PIERRE EMMANUEL

DuelÉditions du Seuil, 1979

M’est-elle donc tellement étrangère
Qu’à son côté je ne sais qui je suis
Elle se tait je ne puis que me taire
Béant d’angoisse à la dévisager
Rien ne me donne en moi prise ou repère
Contre moi-même ouvert pour m’engouffrer
Ses yeux à pic sont la mer à mes tempes
Sans un effort pour me débattre même en vain
Elle est vide et dense à la fois comme l’abîme
J’ignore si j’existe encore sous le poids
De son silence qui peut-être n’est que moi
Perdant pied dans le trop fluide face à face.

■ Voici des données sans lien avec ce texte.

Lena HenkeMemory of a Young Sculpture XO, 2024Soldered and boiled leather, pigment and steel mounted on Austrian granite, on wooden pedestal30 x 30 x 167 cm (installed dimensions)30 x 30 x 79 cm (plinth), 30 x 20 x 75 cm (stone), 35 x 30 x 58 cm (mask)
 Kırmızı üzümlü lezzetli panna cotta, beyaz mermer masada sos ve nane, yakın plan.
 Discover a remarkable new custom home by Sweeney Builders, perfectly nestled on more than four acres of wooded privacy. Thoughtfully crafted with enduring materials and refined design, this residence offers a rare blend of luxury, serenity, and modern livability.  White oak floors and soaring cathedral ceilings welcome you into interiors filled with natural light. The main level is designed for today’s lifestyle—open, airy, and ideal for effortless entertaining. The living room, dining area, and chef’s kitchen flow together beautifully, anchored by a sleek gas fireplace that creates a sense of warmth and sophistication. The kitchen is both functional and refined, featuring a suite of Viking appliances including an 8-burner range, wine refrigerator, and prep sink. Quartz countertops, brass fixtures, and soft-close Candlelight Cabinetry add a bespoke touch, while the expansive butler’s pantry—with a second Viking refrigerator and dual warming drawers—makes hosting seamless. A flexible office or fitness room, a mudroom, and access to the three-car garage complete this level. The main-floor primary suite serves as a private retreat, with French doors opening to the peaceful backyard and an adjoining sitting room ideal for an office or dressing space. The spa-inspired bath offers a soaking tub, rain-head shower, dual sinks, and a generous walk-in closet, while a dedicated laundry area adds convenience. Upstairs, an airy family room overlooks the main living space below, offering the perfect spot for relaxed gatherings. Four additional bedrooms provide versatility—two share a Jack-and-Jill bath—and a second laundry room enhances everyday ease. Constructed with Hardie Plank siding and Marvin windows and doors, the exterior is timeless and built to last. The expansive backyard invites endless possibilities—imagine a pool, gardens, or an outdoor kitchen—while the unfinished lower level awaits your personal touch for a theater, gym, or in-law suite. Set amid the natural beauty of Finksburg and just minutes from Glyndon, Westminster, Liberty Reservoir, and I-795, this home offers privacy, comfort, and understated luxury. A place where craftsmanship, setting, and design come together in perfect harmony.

                          Duel, 13


     Duel paraît en novembre 1979, aux éditions du Seuil. Avec ce second livre, la trilogie qui est en train de se constituer trouve son nom : Le livre de l’homme et de la femme.
     « Écrit exactement un an après Una, Duel n’accomplit pourtant pas l’espérance du premier livre de la trilogie, l’unité trouvée enfin dans l’union pacifiée des corps et des âmes. Au contraire, il consacre la séparation avec ce « deux » qu’énonce le titre mais aussi ce « duel » entre les protagonistes et, en chacun d’eux, entre leurs parts féminines et masculines que la présence de l’autre suscite comme un guerrier ennemi. C’est un "Duel dialogue / Mêlant mots et sang / Chacun y est deux / Les deux y font quatre" (épigraphe). D’où cette composition en abîme où les voix masculines et féminines peuvent renvoyer à leur contraire comme à l’être inconnu en elles qu’éveille la présence de l’autre comme à cet autre étranger que chacun projette sur l’être aimé sans que celui-ci puisse s’y reconnaître.
     Le livre est divisé en trois parties. La première — "Lui" — et la seconde — "Elle" — de soixante douzains chacune, comme un dialogue différé où chacun s’adresse à l’autre aussi bien qu’à soi puisque chacun est double. La troisième — "Eux" — dont les quarante douzains alternent entre les deux voix sans pourtant non plus vraiment se répondre. L’incommunicabilité est inscrite ainsi dans la composition même : "Qu’est-ce qu’aimer ? Se peut-il qu’entre nous / L’amour ne soit qu’une double carence / Que nous mimions une même impuissance / Des deux côtés d’une cloison d’éther ?" (140). »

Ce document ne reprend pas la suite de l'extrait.